He’s still asleep. Lu Guang climbs down to where Cheng Xiaoshi is dreaming in pain and thinks of painting the world red. Cheng Xiaoshi’s face twists, his mouth open in a wordless scream. He looks like dying. He once died in a more peaceful way.
Cheng Xiaoshi’s hand tries to grasp something. It finds Lu Guang’s without fail—because Lu Guang moves to meet it. Lu Guang has forgotten what it’s like to hold it without something bad happening. No magic, no pictures, no death; nothing occurs when he holds Cheng Xiaoshi’s hand. A small miracle that he cherishes as much as any.
So he holds it. Lu Guang blinks away tears. It’s the sleep deprivation; it’s watching his friend cry. It’s the warmth of his hand.
“Cheng Xiaoshi,” he says. It’s also, mostly, he thinks, how much he loves him.
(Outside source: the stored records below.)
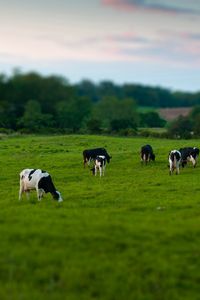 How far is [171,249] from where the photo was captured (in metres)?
14.8

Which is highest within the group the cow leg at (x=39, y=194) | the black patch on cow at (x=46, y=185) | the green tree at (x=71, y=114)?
the green tree at (x=71, y=114)

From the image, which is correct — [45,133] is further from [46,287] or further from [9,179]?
[46,287]

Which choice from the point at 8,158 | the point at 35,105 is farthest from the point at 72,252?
the point at 35,105

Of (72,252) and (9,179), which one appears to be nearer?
(72,252)

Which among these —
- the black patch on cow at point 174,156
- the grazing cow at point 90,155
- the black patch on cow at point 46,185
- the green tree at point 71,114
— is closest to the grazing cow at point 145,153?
the grazing cow at point 90,155

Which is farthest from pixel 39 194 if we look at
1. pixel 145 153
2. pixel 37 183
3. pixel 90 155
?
pixel 145 153

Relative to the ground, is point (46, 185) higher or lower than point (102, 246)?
higher

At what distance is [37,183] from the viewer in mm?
24375

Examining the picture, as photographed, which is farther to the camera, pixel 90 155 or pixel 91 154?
pixel 91 154

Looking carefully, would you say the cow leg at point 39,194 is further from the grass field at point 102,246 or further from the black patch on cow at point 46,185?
the grass field at point 102,246

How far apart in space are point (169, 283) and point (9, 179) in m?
21.4

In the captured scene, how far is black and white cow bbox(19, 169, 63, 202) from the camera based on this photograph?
2416cm

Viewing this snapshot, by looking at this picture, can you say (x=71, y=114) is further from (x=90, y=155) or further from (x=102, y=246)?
(x=102, y=246)

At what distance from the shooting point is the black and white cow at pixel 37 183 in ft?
79.3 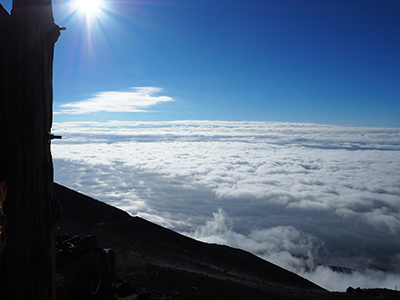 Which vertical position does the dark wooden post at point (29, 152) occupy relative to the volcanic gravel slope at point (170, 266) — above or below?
above

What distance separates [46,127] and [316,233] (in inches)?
8143

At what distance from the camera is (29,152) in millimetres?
2289

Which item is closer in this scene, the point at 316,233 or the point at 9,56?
the point at 9,56

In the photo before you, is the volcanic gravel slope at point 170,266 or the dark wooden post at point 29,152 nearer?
the dark wooden post at point 29,152

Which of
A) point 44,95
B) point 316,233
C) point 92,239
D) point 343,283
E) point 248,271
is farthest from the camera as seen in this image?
point 316,233

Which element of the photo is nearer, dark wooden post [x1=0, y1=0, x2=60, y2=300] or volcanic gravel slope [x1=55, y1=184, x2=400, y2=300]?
dark wooden post [x1=0, y1=0, x2=60, y2=300]

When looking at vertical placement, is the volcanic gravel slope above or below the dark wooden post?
below

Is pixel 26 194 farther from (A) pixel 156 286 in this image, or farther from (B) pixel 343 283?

“Lu Guang,” Cheng Xiaoshi says. His eyes are closed, still asleep, and Lu Guang imagines himself in Cheng Xiaoshi’s nightmare—and wonders briefly if they share the same terrors, the same dreams.
Qiao Ling returns from her morning run after Lu Guang finished pouring his first cup of tea.
“Good morning,” she says, still slightly out of breath. “You should really stop indulging him so much. I bet he’s still asleep.”
The chrysanthemum tea is light. He likes it that way. “He didn’t sleep much last night.”
Qiao Ling raises an eyebrow. “And how exactly would you know that?” she says, pointing an accusatory finger at him. “I can lend you my foundation if you care about upholding your reputation as the most beautiful man in town.”
Lu Guang scoffs. “I don’t—”
“It’s bad for business if you become the man with the darkest circles in town is all I’m saying.” She flashes her Weibo page. “It recently reached a million followers. Whatever pays rent, pretty boy.”
Lu Guang pinches the bridge of his nose. Qiao Ling tuts, sitting down with a concerned look. “Are you worried about that request? No matter how Cheng Xiaoshi protests, you know that you hold the final decision.”
“He was crying in his sleep,” Lu Guang says slowly, “about his parents.”
Qiao Ling pauses for a moment before starting, a little pained: “I thought he stopped having nightmares.”
“They didn’t,” he says. “He has the tendency to understand others in a way that is detrimental to himself,” Lu Guang says. “What Professor Wang experienced; he likely had the same experience as a child.”
Qiao Ling wraps her arms around herself. “About killing his parents? He wouldn’t think he killed his parents, right? He was only a child when it happened.”
“Not killing,” Lu Guang says, “but Cheng Xiaoshi being the reason behind their deaths, or why they didn’t come back.” Lu Guang drinks his tea, and the bitterness spreads in his mouth. “Though I don’t think Cheng Xiaoshi can necessarily differentiate these two statements.”
Qiao Ling grimaces. “It’s tricky to get him off a case when it gets personal.”
“He always makes them personal.”
Qiao Ling raises her hands. “Okay, don’t get me wrong. I agree with you. I don’t think Cheng Xiaoshi had the ability to stay sane after playing the role of a killer. He tends to react to feelings that aren’t his and make them his own. It took him so long to get over what happened to Emma,” she says, nodding in thanks to the tea Lu Guang poured for her, “but luckily it ended well.”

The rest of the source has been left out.